*** Block opens ***

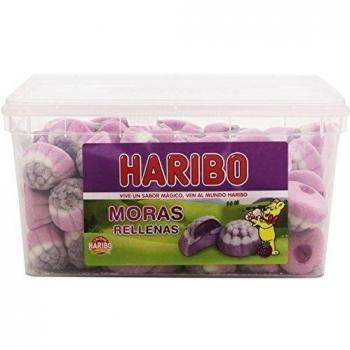 Haribo Moras Rellenas Caramelos de Goma - 1180 gr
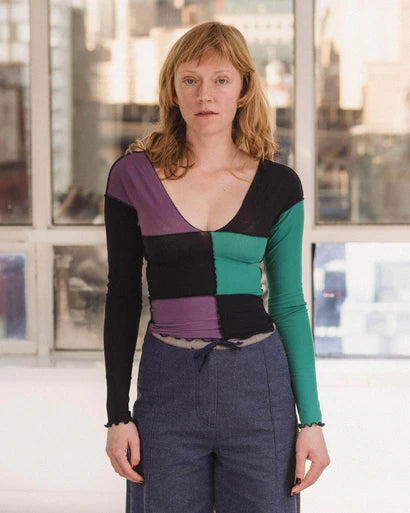 Teak Long Sleeve Tee in Multi - Baserange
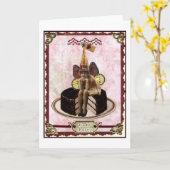 Kuchen-Fee Karte (Gelbe Blume)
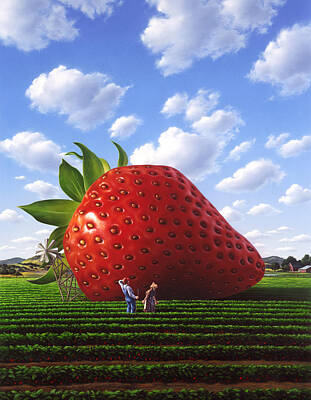 Strawberry Paintings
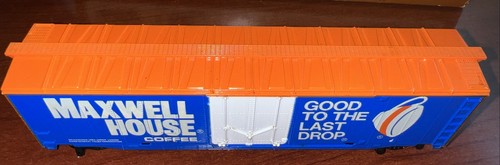Tyco HO Scale No. 374-D Maxwell House Coffee Freight Box Car **no Box - Picture 2 of 7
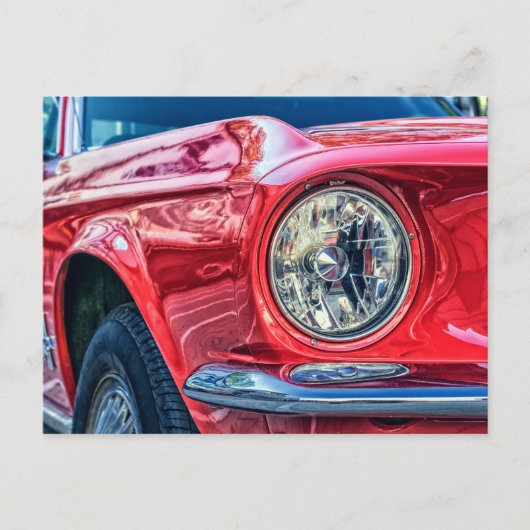 Modern Muscle Car briefkaart (Voorkant)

*** Block closes ***

**EXERCISE DETAILS:** Write out exactly, please, the lines that start at the one containing "Strawberry Paintings" and run through the final line of the entries, both included, leaving pictures out.

**SOLUTION TO THIS TASK:**
 Strawberry Paintings
Tyco HO Scale No. 374-D Maxwell House Coffee Freight Box Car **no Box - Picture 2 of 7
 Modern Muscle Car briefkaart (Voorkant)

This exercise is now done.